Eu e Zenaide trabalhamos na mesma universidade no Brasil e agora ela estuda em Portugal. Lembro-me da primeira visita que nos fez depois de um ano no luso-doutorado, ela parecia "Tiêta do agreste" voltando para a terra natal, cheia de ouros, cabelos ao vento, casaco até o joelho e poder, muito poder. Sempre achei Zenaide poderosa. Um jeito único de olhar a vida, como se tivesse aprendido incontáveis lições a cada ano de suas primaveras, uma independência, uma alegria, uma loucura antagônica, ela pode ser livre, apaixonada, comprometida, calada, não importa, Zenaide contagia com a leveza de seus sorrisos e profundidade do seu olhar.

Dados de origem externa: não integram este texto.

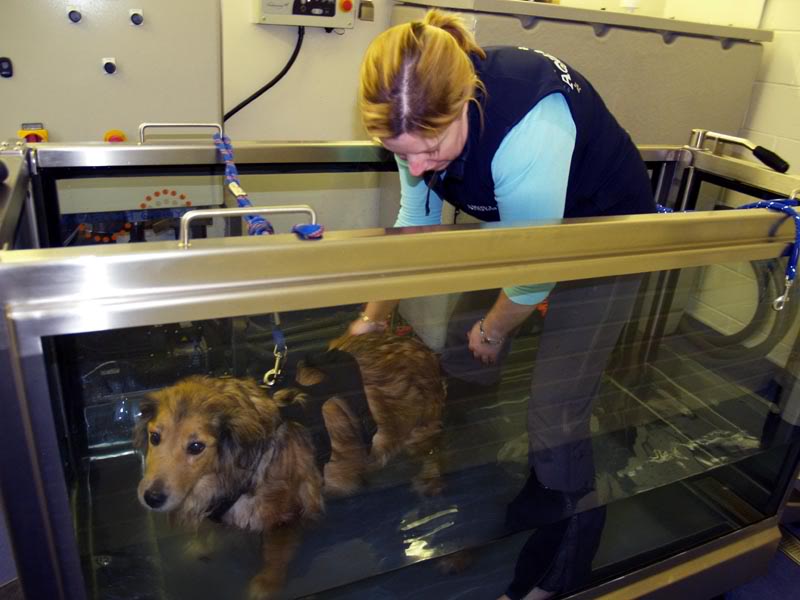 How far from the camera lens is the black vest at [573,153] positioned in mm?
852

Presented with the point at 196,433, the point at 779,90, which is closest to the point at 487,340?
the point at 196,433

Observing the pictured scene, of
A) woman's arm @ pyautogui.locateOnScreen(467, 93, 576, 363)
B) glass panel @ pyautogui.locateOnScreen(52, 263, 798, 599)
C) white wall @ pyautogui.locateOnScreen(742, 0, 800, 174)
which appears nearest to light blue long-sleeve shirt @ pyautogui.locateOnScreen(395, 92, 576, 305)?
woman's arm @ pyautogui.locateOnScreen(467, 93, 576, 363)

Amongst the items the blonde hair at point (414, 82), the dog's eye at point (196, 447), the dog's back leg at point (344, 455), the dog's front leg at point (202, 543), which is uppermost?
the blonde hair at point (414, 82)

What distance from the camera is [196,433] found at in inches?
31.0

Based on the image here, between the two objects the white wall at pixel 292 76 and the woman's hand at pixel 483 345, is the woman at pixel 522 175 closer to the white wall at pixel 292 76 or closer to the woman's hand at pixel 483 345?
the woman's hand at pixel 483 345

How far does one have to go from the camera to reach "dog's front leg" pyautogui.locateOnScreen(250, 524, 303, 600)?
2.97ft

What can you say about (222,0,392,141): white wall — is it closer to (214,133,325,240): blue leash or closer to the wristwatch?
(214,133,325,240): blue leash

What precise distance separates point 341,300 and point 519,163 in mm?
355

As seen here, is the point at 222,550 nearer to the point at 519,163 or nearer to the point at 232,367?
the point at 232,367

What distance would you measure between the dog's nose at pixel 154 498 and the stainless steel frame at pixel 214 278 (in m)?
0.11

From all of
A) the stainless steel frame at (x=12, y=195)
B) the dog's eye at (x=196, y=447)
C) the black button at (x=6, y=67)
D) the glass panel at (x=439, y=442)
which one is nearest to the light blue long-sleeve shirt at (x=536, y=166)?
the glass panel at (x=439, y=442)

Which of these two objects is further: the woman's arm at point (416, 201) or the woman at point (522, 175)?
the woman's arm at point (416, 201)

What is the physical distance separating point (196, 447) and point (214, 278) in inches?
12.4

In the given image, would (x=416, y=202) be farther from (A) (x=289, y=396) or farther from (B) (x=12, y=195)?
(B) (x=12, y=195) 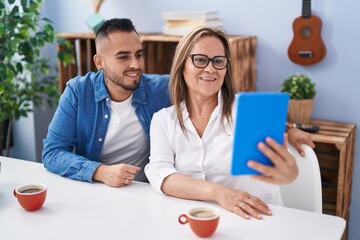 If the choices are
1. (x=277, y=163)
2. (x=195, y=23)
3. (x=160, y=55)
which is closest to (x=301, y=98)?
(x=195, y=23)

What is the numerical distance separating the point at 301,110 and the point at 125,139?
3.12 ft

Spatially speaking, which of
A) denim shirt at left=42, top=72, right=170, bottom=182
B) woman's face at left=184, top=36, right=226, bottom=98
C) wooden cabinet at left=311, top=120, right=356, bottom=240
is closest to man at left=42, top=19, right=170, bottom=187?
denim shirt at left=42, top=72, right=170, bottom=182

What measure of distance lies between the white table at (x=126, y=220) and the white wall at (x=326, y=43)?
1.22m

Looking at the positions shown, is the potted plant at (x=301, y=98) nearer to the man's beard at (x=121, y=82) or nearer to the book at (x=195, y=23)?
the book at (x=195, y=23)

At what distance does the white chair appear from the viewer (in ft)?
4.84

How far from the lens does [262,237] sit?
1169mm

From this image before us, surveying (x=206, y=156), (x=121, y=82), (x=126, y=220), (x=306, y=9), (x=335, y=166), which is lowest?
(x=335, y=166)

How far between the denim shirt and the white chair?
627 millimetres

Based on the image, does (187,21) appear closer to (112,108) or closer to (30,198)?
(112,108)

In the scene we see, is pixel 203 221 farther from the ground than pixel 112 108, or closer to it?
closer to it

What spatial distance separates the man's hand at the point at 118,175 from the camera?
1.51 metres

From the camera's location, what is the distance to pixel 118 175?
1.51 m

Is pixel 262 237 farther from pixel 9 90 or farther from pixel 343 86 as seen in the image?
pixel 9 90

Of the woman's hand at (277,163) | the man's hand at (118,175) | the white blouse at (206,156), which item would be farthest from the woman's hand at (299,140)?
the man's hand at (118,175)
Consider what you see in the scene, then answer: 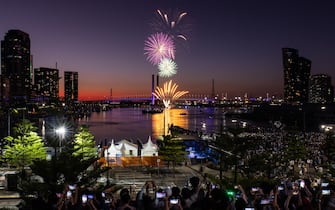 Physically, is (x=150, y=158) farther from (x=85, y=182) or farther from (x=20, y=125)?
(x=85, y=182)

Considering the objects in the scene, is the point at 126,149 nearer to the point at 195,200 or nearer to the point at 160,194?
the point at 195,200

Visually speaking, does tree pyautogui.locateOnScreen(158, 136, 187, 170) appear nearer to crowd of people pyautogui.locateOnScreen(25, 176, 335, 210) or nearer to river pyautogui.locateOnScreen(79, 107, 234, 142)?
river pyautogui.locateOnScreen(79, 107, 234, 142)

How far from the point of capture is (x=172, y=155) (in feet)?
70.8

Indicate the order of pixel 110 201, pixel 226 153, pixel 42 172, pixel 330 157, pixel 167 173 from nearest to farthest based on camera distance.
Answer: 1. pixel 110 201
2. pixel 42 172
3. pixel 226 153
4. pixel 167 173
5. pixel 330 157

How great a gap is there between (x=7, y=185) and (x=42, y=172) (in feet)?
26.3

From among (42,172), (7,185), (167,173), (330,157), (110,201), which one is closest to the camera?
(110,201)

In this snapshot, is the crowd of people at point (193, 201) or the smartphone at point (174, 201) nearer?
the smartphone at point (174, 201)

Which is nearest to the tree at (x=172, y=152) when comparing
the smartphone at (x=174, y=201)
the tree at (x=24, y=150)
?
the tree at (x=24, y=150)

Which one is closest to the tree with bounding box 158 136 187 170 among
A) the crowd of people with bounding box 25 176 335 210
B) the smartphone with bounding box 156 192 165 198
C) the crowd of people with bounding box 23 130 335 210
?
the crowd of people with bounding box 23 130 335 210

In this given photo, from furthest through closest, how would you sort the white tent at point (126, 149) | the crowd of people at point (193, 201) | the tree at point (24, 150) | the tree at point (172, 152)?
the white tent at point (126, 149)
the tree at point (172, 152)
the tree at point (24, 150)
the crowd of people at point (193, 201)

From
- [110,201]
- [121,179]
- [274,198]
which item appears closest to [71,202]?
[110,201]

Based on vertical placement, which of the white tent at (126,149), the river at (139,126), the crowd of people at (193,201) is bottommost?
the river at (139,126)

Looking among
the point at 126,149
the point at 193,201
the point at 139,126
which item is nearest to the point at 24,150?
the point at 126,149

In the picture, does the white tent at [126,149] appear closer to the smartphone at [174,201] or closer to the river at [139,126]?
the river at [139,126] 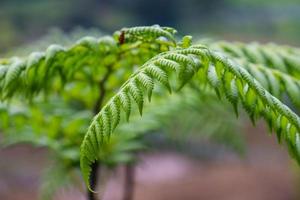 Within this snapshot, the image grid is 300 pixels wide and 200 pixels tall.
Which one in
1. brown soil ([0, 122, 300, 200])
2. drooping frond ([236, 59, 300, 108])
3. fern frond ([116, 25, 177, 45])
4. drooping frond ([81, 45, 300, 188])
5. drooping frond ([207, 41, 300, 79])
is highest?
brown soil ([0, 122, 300, 200])

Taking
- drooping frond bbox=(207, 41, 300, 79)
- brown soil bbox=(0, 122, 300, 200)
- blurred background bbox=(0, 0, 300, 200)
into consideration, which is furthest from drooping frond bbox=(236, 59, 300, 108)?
brown soil bbox=(0, 122, 300, 200)

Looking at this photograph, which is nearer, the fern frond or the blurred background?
the fern frond

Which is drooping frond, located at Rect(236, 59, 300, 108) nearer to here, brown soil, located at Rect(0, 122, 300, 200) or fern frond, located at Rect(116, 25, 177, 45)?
fern frond, located at Rect(116, 25, 177, 45)

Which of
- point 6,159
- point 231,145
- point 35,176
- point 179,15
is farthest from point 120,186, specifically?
point 179,15

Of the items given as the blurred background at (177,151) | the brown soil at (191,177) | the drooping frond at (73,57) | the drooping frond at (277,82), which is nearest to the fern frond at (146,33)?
the drooping frond at (73,57)

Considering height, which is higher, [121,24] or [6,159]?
[121,24]

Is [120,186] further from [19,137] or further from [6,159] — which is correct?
[19,137]

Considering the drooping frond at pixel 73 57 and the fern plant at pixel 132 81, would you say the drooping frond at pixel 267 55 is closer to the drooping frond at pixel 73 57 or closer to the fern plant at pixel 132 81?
the fern plant at pixel 132 81

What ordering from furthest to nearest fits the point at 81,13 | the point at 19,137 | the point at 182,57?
the point at 81,13
the point at 19,137
the point at 182,57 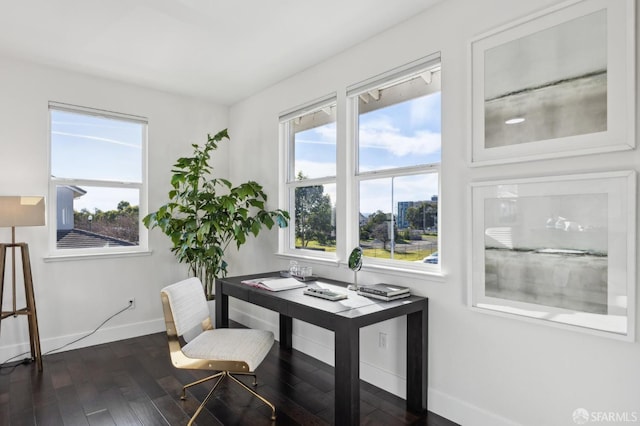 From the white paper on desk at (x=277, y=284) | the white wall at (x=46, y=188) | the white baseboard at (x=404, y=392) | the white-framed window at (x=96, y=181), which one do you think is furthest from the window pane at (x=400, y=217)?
the white-framed window at (x=96, y=181)

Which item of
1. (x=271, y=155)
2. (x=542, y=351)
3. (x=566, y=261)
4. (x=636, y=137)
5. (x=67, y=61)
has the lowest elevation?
(x=542, y=351)

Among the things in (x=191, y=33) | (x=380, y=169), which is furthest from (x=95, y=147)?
(x=380, y=169)

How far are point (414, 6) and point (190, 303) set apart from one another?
2469mm

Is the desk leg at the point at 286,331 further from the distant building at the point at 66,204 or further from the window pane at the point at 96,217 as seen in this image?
the distant building at the point at 66,204

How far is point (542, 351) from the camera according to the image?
1885 millimetres

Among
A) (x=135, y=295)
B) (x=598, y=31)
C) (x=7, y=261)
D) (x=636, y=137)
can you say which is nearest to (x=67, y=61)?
(x=7, y=261)

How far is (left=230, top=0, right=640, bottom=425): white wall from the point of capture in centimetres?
173

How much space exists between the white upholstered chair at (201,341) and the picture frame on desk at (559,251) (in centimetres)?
137

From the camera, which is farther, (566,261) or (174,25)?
(174,25)

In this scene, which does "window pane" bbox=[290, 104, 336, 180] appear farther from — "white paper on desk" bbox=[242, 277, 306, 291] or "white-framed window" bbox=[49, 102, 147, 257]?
"white-framed window" bbox=[49, 102, 147, 257]

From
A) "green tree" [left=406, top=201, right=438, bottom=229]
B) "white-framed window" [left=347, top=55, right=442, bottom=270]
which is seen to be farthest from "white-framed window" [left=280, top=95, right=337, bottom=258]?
"green tree" [left=406, top=201, right=438, bottom=229]

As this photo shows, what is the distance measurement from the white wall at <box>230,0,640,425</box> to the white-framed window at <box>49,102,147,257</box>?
7.28 feet

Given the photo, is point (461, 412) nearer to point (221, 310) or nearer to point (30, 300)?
point (221, 310)

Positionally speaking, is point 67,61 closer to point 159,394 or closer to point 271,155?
point 271,155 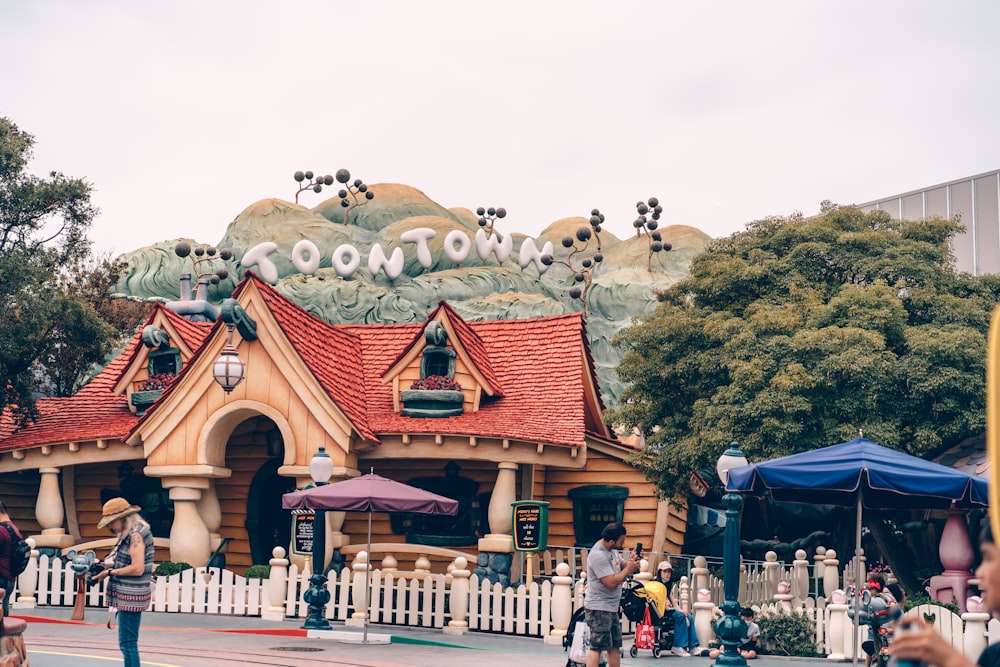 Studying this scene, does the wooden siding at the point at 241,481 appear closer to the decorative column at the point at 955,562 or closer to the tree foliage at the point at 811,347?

Me imaginem então, encontrando Tiêta, já há umas 6 horas sem conversar com alguém (uma eternidade para uma pessoa como eu), sobrou muito assunto e Paris, aqui entre nós, ganhou ainda mais brilho, ficou, segundo Zenaide, fabulosa! Até o bairro sem-vergonha deixou de chamar atenção ao receber a "Liberdade de Zenaide". E ela me consolou em todos os momentos difíceis, fosse na compra errada, no quebrar o que acabara de comprar, fosse ao perder um pedaço do dente cortando uma etiqueta, sempre ouvia Zenaide e o lado leve e positivo de ver os acontecimentos. E assim pode ser Paris, tudo que se vê nos filmes e ainda também, o que não se vê. Sigo enfatizando o valor das pessoas ao nosso lado, as cores mudam, nós também. Só lamento Zenaide ter partido antes e não me consolar no momento em que besuntei minha boca com um gloss (presente da minha "vaidosa" irmã) e acabei bebendo perfume. Hálito exalando flores e eu cuspindo pelas ruas parisienses.